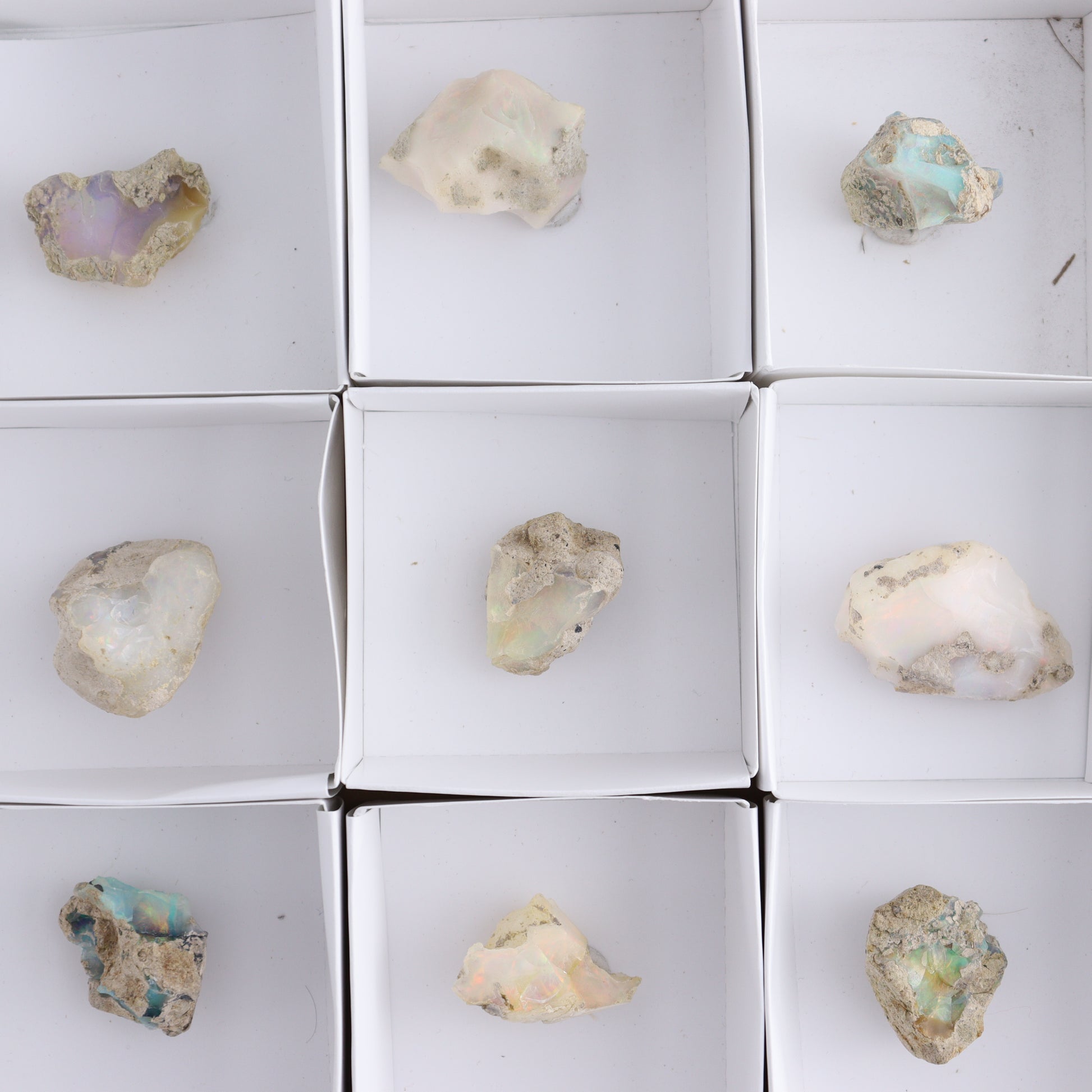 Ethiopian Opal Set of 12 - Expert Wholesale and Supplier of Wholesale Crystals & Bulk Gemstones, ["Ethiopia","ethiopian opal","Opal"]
---
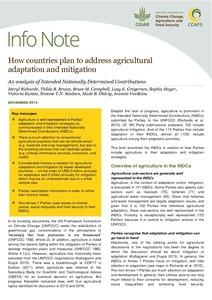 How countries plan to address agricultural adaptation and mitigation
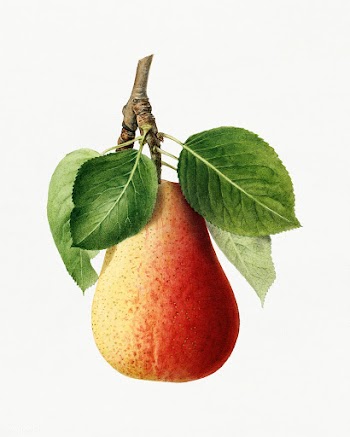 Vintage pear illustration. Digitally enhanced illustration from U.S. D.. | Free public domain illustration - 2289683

— YOUR OBJECTIVE —
A verbatim reproduction is expected: starting at the line above that has "How countries plan", ending at the line that has "Vintage pear illustration.", both included, and with no pictures and no other lines.

— THE ANSWER —
 How countries plan to address agricultural adaptation and mitigation
 Vintage pear illustration. Digitally enhanced illustration from U.S. D.. | Free public domain illustration - 2289683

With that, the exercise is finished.